Material provided below:
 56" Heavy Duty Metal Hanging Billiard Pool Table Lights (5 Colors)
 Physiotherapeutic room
End of Material provided.
Material provided below:
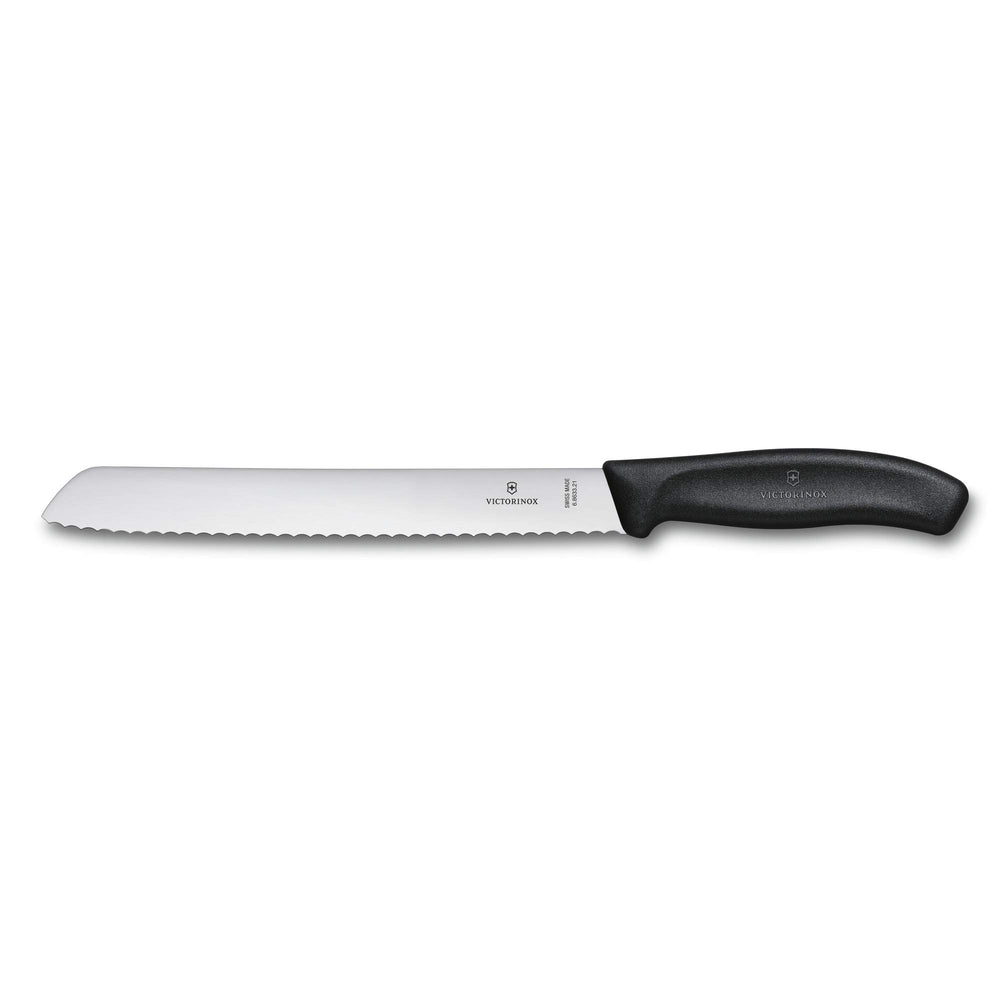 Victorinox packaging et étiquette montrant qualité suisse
End of Material provided.
# What is expected
From the listing above, return the lines starting at the one with "Lights (5 Colors)" and ending at the one with "Physiotherapeutic room", both kept, exactly as they appear and nothing more.

# Completed exercise
 56" Heavy Duty Metal Hanging Billiard Pool Table Lights (5 Colors)
 Physiotherapeutic room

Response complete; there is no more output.